Open Network for Digital Commerce (ONDC)
The Open Network for Digital Commerce (ONDC) is a government-backed open protocol initiative launched by the Department for Promotion of Industry and Internal Trade (DPIIT) to democratise e-commerce in India by creating an interoperable network where any buyer app can transact with any seller app, challenging the dominance of platform-centric e-commerce models.
ONDC is one of India's most ambitious digital economy experiments — an attempt to recreate the open, interoperable architecture of UPI, but for e-commerce. It is built on open-source Beckn Protocol, which enables decentralised, non-proprietary discovery and transaction between buyers and sellers regardless of the platform they use. Any buyer-side app (like Paytm, PhonePe, or even a standalone app) that integrates with ONDC can discover and purchase products listed by any seller app (like a local kirana store's app, Meesho, or a specialised hyperlocal platform).
The rationale for ONDC is rooted in concerns about the concentrated market power of large e-commerce platforms. Amazon and Flipkart together command a dominant share of India's e-commerce GMV, and small businesses and local traders have historically been disadvantaged by platform-dictated commission structures, listing policies, and logistics terms. ONDC aims to level the playing field by making the e-commerce infrastructure a public good.
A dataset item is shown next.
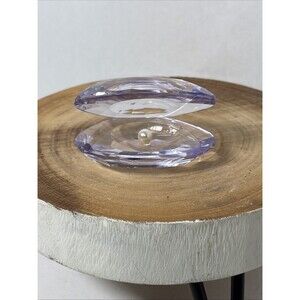Simon Designs Purple Lavender Lilac Crystal Clam Oyster Shell Pearl Paperweight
Since its pilot launch in 2022-23 and broader rollout in 2023-24, ONDC has onboarded hundreds of thousands of sellers across food and beverage, grocery, fashion, electronics, and services. It also entered the financial services and mobility verticals — ONDC for financial products aims to enable open discovery of loan, insurance, and investment products across provider networks, similar to what Account Aggregator does for financial data.
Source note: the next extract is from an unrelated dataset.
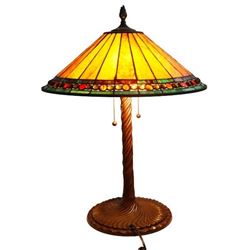 Bronze Slag Glass/Cabochon Reading Lamp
From a fintech perspective, ONDC has significant implications. Any regulated entity offering financial products can list on ONDC's financial services network, and any consumer app can surface these offerings to users — potentially disrupting the distribution moats of incumbent bancassurance and direct selling channels. ONDC-based credit and insurance discovery is still in early stages but represents a structural shift in how financial products reach consumers.
For investors, ONDC is a disruptive force worth monitoring across e-commerce, logistics, and financial distribution sectors. Companies that depend heavily on platform commission economics may face competitive pressure as ONDC scales.